Arsenal beat West Ham 1-0 at the London Stadium on Sunday after Callum Wilson thought he had salvaged a stoppage-time equaliser only for VAR to overturn the goal following a review by referee Chris Kavanagh, who ruled Arsenal goalkeeper David Raya had been impeded by West Ham substitute Pablo.
Nuno Espirito Santo, who has overseen an upturn in results since mid-January, stood in the mixed light after the defeat and insisted the club must keep perspective: "must remain humble." He added, "First of all, we are playing against one of the best teams in the league, in this moment," and warned of Arsenal's recent form. "In the past five or six games, they won against Manchester United, they drew in Bournemouth playing well, they won at home two times - Wolves and Burnley - and for that we have a big respect." He closed by saying, "We can't think in a different way. We have to keep this mentality. We must remain humble. Nothing has changed. We have to prepare for an important game."
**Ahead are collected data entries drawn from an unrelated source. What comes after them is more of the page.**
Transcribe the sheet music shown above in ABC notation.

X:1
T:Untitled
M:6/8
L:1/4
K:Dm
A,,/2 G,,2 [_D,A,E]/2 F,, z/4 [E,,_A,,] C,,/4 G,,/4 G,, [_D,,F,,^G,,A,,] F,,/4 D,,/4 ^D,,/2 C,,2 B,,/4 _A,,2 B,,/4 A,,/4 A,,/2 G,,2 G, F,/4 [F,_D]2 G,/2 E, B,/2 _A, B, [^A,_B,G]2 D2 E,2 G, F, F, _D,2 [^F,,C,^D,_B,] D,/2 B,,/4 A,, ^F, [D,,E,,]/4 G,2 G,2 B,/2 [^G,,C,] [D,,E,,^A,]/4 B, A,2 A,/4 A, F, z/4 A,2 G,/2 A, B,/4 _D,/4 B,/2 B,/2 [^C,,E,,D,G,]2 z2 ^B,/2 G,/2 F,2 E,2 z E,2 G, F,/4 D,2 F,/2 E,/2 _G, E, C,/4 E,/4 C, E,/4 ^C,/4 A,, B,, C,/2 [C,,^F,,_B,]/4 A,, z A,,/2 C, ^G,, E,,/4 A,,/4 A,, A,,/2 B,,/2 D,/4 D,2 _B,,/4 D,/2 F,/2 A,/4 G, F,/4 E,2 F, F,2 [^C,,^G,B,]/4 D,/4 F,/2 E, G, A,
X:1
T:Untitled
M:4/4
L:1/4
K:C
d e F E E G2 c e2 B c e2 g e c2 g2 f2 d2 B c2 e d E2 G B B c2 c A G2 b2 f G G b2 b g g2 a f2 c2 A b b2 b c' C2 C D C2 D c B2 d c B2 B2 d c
The immediate price of the overturned finish was not just three points but a much harsher arithmetic. Opta's supercomputer rated West Ham's chance of relegation at 86.65% in one report and 86.7% in an Opta Analyst update after the match. Betting site PricedUp placed the club at 1/7 to go down. An analysis published earlier put West Ham a point adrift of safety in 18th place and warned the club would be relegated to the second tier for the first time since 2012 if they dropped; that piece also noted Spurs were due to host Leeds in north London later that night, a result that could leave West Ham four points from safety.
The numbers reflect how fragile West Ham's position has been this season. The side suffered five losses in six games in the autumn and a 10-game winless streak during the winter. By mid-January they were third from bottom, seven points off safety after taking 14 points from 21 games. Since 16 January, however, the team has taken 22 points from 15 games, and Opta Analyst rates them the 17th best team in the league since Nuno's appointment — a clear improvement on earlier form.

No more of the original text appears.